⟨

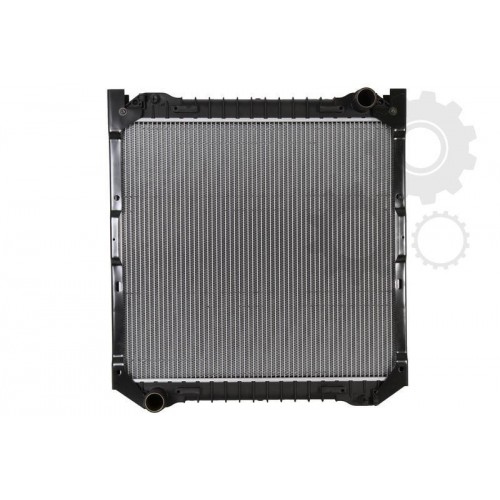 Radiator racire cu apa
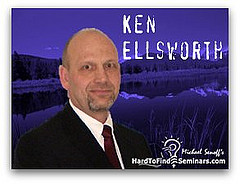 Ken Ellsworth – Unlock The Buying Code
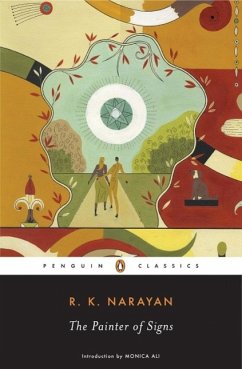 The Painter of Signs (eBook, ePUB) - Narayan, R. K.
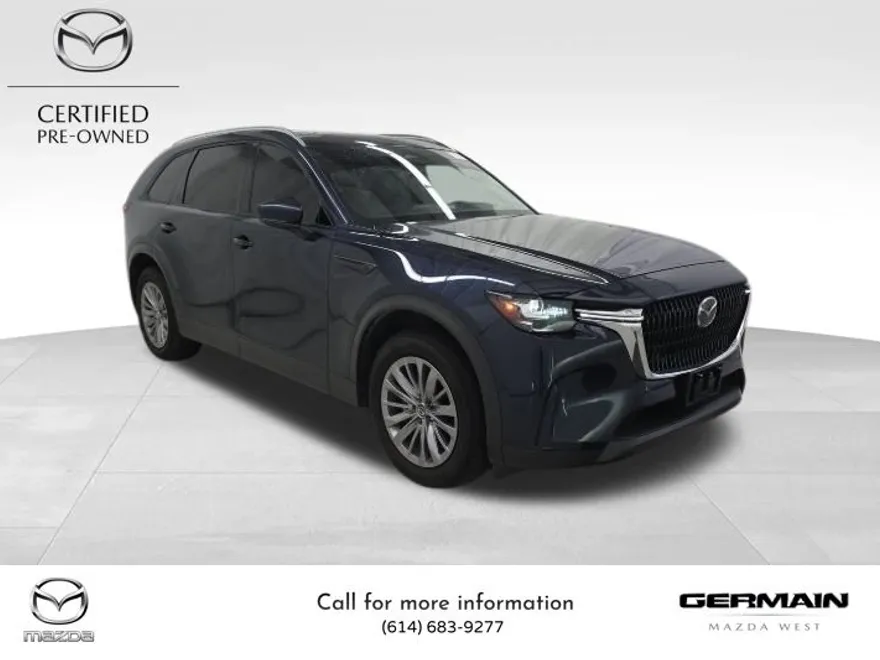 2024 Mazda CX-90 3.3 Turbo Preferred photo 1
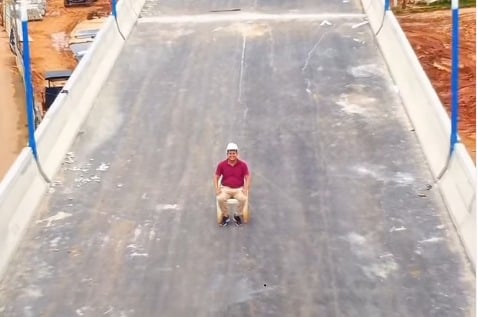 Prefeitura de Rio Branco embarca na trend da Rocinha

⟩

Restate word for word, and only, the lines from the line that contains "Ken Ellsworth – Unlock The Buying Code" through the end of the data, both included; pictures are not part of the copy.

→ **OUTPUT**:
 Ken Ellsworth – Unlock The Buying Code
 The Painter of Signs (eBook, ePUB) - Narayan, R. K.
 2024 Mazda CX-90 3.3 Turbo Preferred photo 1
 Prefeitura de Rio Branco embarca na trend da Rocinha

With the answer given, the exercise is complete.